Interview – Jacob Cohen : «Il y a une caste d’intouchables en France»
Algeriepatriotique : Des milliers de Gilets jaunes, des Français en colère contre la politique du président Macron, bloquent les routes et autoroutes à travers toute la France depuis quelques jours. Que se passe-t-il au juste ?

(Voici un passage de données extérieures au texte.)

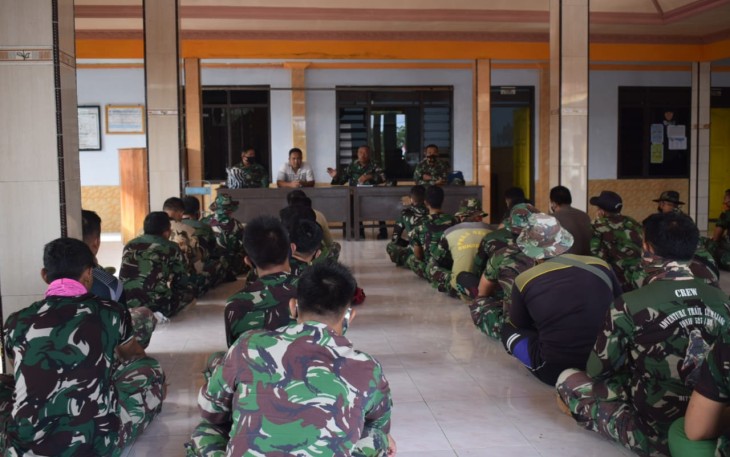 Danramil 0807/18 Berikan Arahan Kepada Satgas TMMD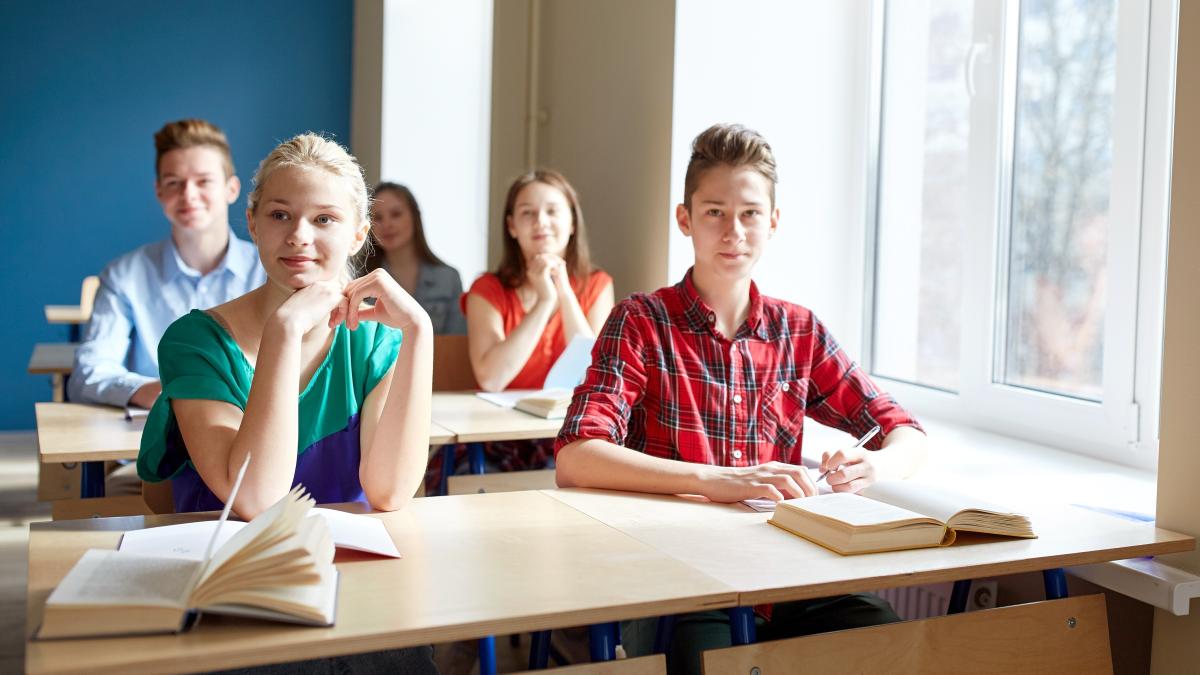 vineri--zi-importanta-pentru-liceeni-ultima-zi-de-cursuri-pentru-clasele-a-xii-aa-xiii-a-si-ultima-zi-de-inscriere-la-bacalaureat--ligia-deca--precizari-importante_32573400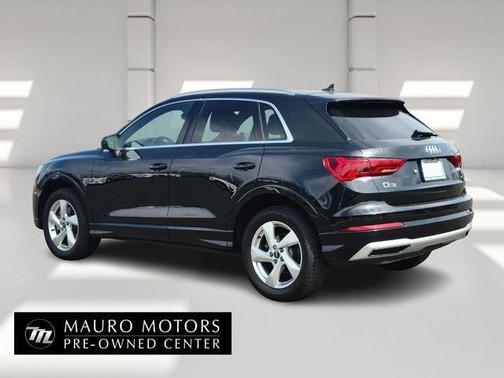 Mythos Black Metallic 2022 Audi Q3 40 Premium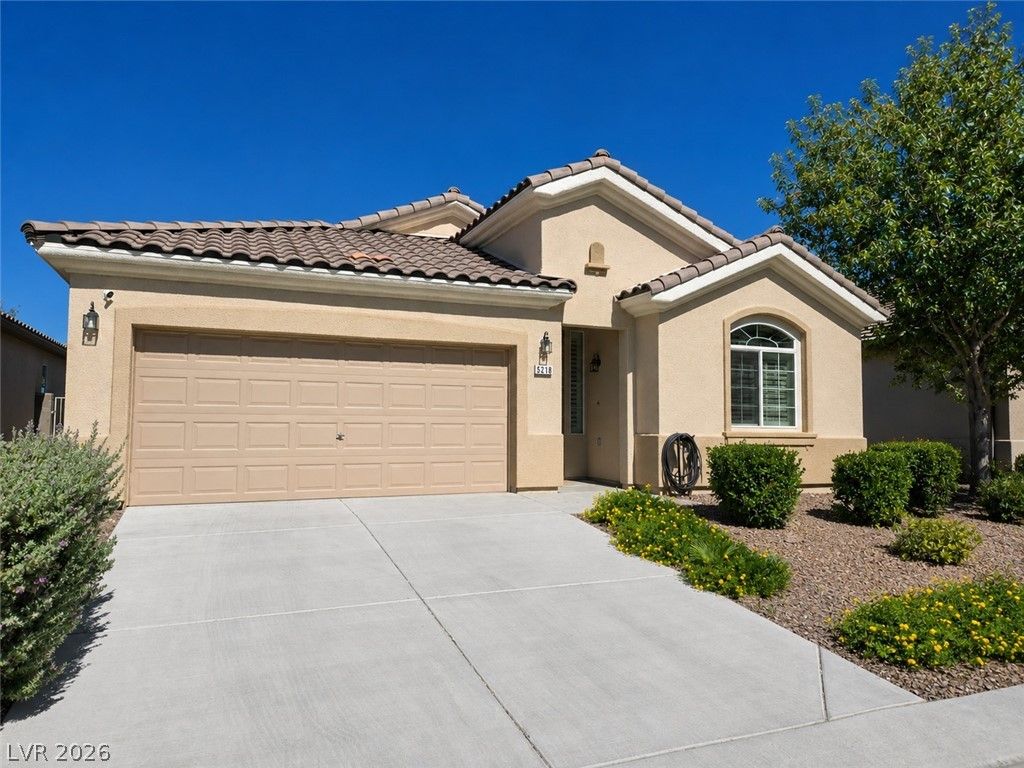 5218 Blue Gum Court — photo 1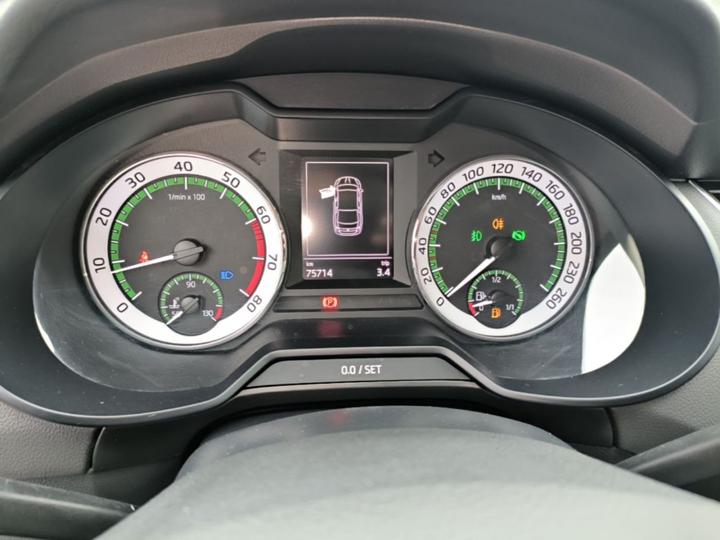 Octavia 2018 1.6L AT Luxury photo 7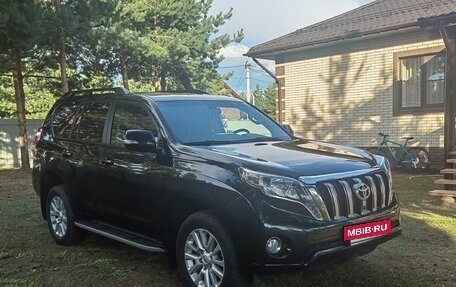 Toyota Land Cruiser Prado 150 рестайлинг 2, 2016 год, 3 900 000 рублей, 2 фотография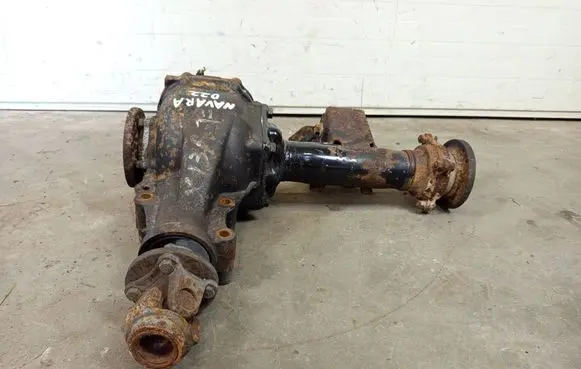 Nissan Navara D22 Front differential 3851161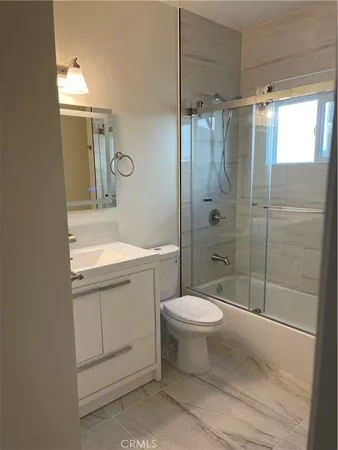 $2,950 | 18543 1/2 Ingomar Street, Reseda, CA 91335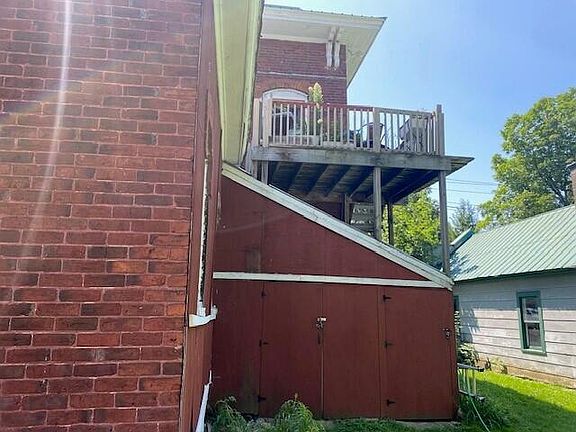 5th image of 1035 W Main St #92
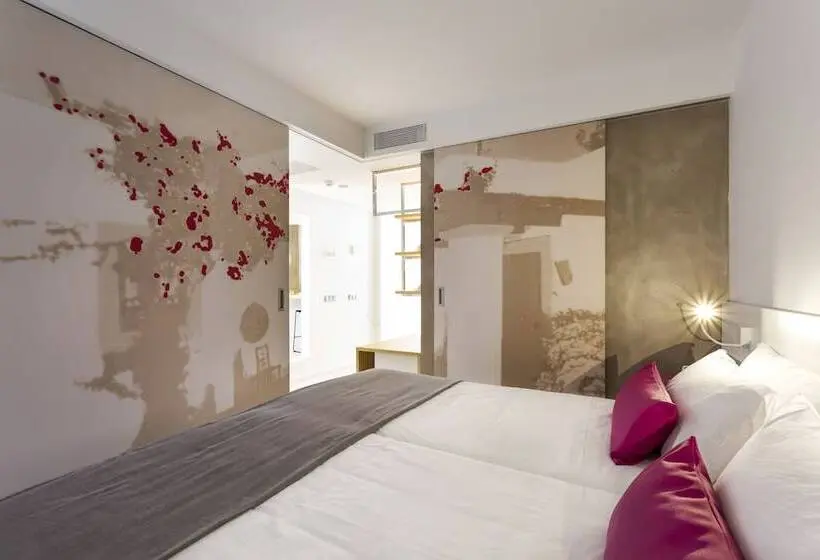 سوییت جونیور با چشم‌انداز جانبی دریا, One Ibiza Suites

Jacob Cohen : La France s’est engagée depuis 1983 avec Mitterrand dans la voie du libéralisme économique avec des privatisations tous azimuts, la destruction des industries nationales, la déconnexion du pouvoir d’achat avec l’inflation. Auparavant, en 1973, la loi Pompidou-Rothschild a obligé l’Etat français à emprunter auprès des banques privées, créant en 50 ans une dette artificielle de 2 000 milliards. En 2008, le gouvernement a «sauvé» les banques avec des centaines de milliards. A cause de la politique ultralibérale de l’Union européenne, les multinationales ne paient quasiment pas d’impôts à cause de l’optimisation fiscale. La France, la gauche comme la droite, a détruit une bonne partie des services publics (transports, postes, écoles, hôpitaux, administrations, tribunaux) hors des grandes villes. Le résultat : une paupérisation accrue, un matraquage fiscal, des inégalités insupportables. Les gens n’en peuvent plus. Beaucoup ont du mal à payer une facture d’électricité ou de gaz. Alors, il y a eu un ras-le-bol avec une énième taxe sur l’essence pour une soi-disant «transition écologique». D’où cette révolte.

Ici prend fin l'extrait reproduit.